The backlog initially included four clusters, from 2018 through 2021. SPP planned to keep the 2022 window open “so the line didn’t get longer behind us,” Swierczek said, but a record number of requests forced the RTO to shut down the cluster and add it to the backlog. The same thing happened in 2023 when its 129 requests exceeded those of the previous year’s 108. 

The 2024 cluster will be handled under the RTO’s normal process, but the grid operator has requested a waiver from FERC to extend the 2024 cluster study’s close from Oct. 31 to March 1, 2024.  

SPP began tackling the backlog in 2022 with the 2018 cluster. The queue contained 1,139 active requests for 221 GW of capacity at the time; it now has 395 active requests for 82 GW of capacity. The RTO has executed 48 new GIAs for 7.75 GW of capacity during the backlog work. 

Swierczek said the 2017 cluster, which is not part of the backlog, and the first 2018 study group have 91 projects between them, most of which she said are healthy. Large numbers of withdrawals in other clusters will have to be addressed in their next DISIS phase, with all backlog clusters ready for restudies by next summer, she said. 

Separately, members approved a proposed revision (RR651) to the GI manual allowing upgrades approved mid-DISIS study from other planning processes to be considered as potential mitigations for constraints identified during the ongoing study. SPP says constraint mitigations identified in the study process will be provided by solutions that have been approved and reduce the need for restudies due to withdrawals.

New MOPC Leadership, Members

The meeting was the last for ITC Holdings’ Alan Myers after two years as MOPC chair. 

“He’s done a great job over the last two years, and I’m looking forward to see what he has to close this out with,” said Lanny Nickell, Myers’ staff secretary. 

ITC Holdings’ Alan Myers (right) chairs his last MOPC meeting. | © RTO Insider LLC

“It has truly been my privilege to lead this group for two years,” Myers said after a round of applause, thanking members for their recognition. Then, true to his nature, he said, “Let’s dive in.” 

Omaha Public Power District’s Joe Lang will assume the chairmanship in January. 

MOPC added two new members: Ozarks Electric Cooperative’s Derrick Redfearn and Viridon Southwest’s Neeya Toleman. A Blackstone company, Viridon develops transmission projects in SPP.

Curing LREs’ RAR Deficiencies

Members easily endorsed three revision requests in separate votes.  

The Supply Adequacy Working Group’s proposal (RR632) giving load-responsible entities several more weeks to address deficiencies in meeting their resource adequacy requirement. LREs would have from March 15 to May 15 (an additional 30 days) to cure summer season deficiencies and from Sept. 15 to Nov. 15 (15 extra days) to resolve winter season deficiencies. 

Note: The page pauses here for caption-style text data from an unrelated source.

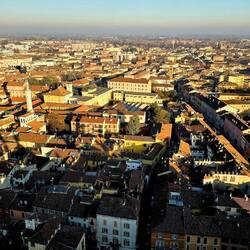 Cremona seen from above.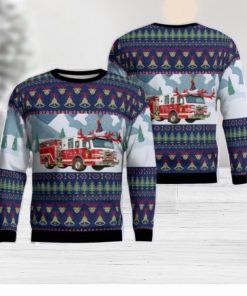 Gamber & Community Fire Company AOP Ugly Sweater Gift For Christmas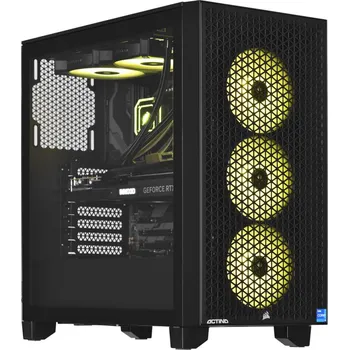 Stolní počítač Actina 5901443337850 PC Midi Tower Intel® Core™ i5 i5-13600KF 32 GB DDR5-SDRAM 2 TB SSD NVIDIA GeForce RTX 4070 Ti Černá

SAWG’s vote to delay a revision request (RR642) until SPP completes its load-hosting capacity tool (LHCT) next year, giving applicable transmission owners three months to review the tool’s data. SAWG is working to implement the Holistic Integrated Tariff Teams’ directive to modify Attachment AQ of the tariff so SPP can proactively perform analysis to determine how much load can be accommodated at each node on the system without incremental investment (load hosting capacity assessment). 

The Market Working Group’s recommendation (RR638) to remove the exemption for day-ahead reliability unit commitment self-commits. It said the removal will mitigate market manipulation by resources intentionally switching between “self” status and “market” status to increase their make-whole payments and help the market reach a more economical solution with more accurate information. 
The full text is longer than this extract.